[The data — start]

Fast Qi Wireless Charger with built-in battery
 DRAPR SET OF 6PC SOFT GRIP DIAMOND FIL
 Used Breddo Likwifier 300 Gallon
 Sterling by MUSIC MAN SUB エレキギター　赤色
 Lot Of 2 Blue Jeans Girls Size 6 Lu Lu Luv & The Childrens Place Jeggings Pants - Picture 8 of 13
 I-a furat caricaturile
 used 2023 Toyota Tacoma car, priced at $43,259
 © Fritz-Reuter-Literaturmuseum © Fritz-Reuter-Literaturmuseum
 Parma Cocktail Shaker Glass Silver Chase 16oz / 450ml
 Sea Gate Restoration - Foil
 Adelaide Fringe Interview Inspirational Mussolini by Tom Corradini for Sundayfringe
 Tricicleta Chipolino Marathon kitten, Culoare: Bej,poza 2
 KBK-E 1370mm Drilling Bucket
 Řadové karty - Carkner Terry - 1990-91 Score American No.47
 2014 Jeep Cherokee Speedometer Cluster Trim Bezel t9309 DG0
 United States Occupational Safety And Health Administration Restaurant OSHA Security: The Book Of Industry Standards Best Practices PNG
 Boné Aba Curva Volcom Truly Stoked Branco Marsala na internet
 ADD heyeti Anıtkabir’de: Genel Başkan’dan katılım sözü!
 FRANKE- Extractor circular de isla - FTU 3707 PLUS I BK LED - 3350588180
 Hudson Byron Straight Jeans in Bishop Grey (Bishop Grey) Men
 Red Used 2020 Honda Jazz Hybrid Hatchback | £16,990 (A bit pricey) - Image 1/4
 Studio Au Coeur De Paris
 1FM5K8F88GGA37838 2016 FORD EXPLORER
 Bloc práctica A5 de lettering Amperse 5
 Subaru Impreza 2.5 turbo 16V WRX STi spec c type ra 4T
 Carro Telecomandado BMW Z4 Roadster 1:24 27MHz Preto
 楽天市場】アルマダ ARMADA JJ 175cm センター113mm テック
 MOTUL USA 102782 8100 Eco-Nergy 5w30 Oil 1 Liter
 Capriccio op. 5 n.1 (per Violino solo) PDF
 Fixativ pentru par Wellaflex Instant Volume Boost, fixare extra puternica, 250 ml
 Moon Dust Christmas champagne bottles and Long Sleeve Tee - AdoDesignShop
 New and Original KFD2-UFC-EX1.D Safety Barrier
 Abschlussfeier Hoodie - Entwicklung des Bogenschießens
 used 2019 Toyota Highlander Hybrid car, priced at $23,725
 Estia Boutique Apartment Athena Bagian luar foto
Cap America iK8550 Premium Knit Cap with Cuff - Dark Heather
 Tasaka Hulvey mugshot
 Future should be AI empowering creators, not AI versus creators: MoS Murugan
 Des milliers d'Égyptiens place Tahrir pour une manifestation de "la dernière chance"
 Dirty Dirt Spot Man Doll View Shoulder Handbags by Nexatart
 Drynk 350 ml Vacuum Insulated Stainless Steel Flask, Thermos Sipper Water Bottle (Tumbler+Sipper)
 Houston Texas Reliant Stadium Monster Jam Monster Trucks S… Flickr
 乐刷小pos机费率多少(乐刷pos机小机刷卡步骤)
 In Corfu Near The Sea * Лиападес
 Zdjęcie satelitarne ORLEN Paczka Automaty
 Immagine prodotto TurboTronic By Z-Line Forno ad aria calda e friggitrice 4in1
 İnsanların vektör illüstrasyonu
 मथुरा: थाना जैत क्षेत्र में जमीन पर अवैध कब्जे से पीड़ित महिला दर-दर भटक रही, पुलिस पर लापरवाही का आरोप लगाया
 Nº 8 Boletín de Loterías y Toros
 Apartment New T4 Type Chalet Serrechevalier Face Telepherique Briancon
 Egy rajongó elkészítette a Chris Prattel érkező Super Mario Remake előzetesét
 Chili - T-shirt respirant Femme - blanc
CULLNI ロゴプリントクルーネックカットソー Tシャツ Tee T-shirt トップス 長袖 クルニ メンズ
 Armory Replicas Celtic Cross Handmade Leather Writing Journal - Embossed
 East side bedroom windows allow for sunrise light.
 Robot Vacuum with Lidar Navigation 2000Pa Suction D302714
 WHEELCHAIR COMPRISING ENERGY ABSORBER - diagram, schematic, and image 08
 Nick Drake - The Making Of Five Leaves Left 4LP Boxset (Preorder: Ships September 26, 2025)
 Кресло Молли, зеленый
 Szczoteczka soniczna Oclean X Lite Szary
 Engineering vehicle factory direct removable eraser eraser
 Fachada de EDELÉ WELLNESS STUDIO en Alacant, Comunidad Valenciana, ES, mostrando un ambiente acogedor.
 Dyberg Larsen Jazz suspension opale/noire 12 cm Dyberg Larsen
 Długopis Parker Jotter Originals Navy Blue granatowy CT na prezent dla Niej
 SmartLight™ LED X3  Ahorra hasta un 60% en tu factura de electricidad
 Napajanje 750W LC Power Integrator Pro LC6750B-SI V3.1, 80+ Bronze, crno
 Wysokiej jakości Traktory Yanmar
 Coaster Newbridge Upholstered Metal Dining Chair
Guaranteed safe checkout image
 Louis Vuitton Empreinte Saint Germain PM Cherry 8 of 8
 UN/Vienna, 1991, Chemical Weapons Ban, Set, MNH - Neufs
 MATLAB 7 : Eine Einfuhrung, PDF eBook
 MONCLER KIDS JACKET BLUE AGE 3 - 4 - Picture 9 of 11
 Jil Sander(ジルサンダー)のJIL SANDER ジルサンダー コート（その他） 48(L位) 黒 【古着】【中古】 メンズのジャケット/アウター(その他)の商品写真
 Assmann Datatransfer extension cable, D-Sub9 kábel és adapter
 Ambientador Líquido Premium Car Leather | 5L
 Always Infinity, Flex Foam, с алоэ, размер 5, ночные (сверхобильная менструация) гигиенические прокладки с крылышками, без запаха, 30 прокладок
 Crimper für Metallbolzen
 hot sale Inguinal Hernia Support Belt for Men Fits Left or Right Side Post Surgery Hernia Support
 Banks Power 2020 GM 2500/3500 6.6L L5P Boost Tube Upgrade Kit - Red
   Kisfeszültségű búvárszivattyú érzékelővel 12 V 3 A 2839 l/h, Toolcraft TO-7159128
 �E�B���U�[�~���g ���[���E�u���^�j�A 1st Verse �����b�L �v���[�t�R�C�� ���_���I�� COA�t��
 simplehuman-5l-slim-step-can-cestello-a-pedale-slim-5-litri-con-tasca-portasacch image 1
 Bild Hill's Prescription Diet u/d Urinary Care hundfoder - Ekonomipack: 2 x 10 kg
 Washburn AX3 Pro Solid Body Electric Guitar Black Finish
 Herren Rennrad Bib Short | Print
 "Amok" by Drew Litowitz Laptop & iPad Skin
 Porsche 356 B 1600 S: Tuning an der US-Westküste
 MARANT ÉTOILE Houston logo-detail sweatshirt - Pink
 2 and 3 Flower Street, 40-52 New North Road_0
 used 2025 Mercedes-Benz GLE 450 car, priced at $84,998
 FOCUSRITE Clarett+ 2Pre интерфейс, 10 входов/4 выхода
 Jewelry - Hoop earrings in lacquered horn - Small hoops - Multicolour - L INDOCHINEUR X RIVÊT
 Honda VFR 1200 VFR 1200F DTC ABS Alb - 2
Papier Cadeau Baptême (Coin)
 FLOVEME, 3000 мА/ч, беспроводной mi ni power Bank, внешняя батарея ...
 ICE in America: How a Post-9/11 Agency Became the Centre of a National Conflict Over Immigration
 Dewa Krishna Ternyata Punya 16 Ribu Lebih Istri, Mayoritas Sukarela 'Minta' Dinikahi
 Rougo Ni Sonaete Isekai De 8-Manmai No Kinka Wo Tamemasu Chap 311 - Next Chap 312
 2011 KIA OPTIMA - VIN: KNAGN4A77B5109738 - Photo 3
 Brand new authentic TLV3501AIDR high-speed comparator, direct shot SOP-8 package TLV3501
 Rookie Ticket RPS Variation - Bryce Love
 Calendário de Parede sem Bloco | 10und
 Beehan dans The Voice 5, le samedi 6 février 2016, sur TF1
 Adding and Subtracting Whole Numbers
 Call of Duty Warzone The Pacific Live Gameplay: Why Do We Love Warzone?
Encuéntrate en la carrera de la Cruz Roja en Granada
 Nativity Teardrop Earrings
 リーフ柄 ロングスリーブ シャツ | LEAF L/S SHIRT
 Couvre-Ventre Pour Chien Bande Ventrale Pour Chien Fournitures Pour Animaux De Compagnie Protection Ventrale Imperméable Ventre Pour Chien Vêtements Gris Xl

[The data — finish]

Required action | Return only the lines above that run from the opening line through the line containing "2014 Jeep Cherokee", exactly as written.

Worked solution |
Fast Qi Wireless Charger with built-in battery
 DRAPR SET OF 6PC SOFT GRIP DIAMOND FIL
 Used Breddo Likwifier 300 Gallon
 Sterling by MUSIC MAN SUB エレキギター　赤色
 Lot Of 2 Blue Jeans Girls Size 6 Lu Lu Luv & The Childrens Place Jeggings Pants - Picture 8 of 13
 I-a furat caricaturile
 used 2023 Toyota Tacoma car, priced at $43,259
 © Fritz-Reuter-Literaturmuseum © Fritz-Reuter-Literaturmuseum
 Parma Cocktail Shaker Glass Silver Chase 16oz / 450ml
 Sea Gate Restoration - Foil
 Adelaide Fringe Interview Inspirational Mussolini by Tom Corradini for Sundayfringe
 Tricicleta Chipolino Marathon kitten, Culoare: Bej,poza 2
 KBK-E 1370mm Drilling Bucket
 Řadové karty - Carkner Terry - 1990-91 Score American No.47
 2014 Jeep Cherokee Speedometer Cluster Trim Bezel t9309 DG0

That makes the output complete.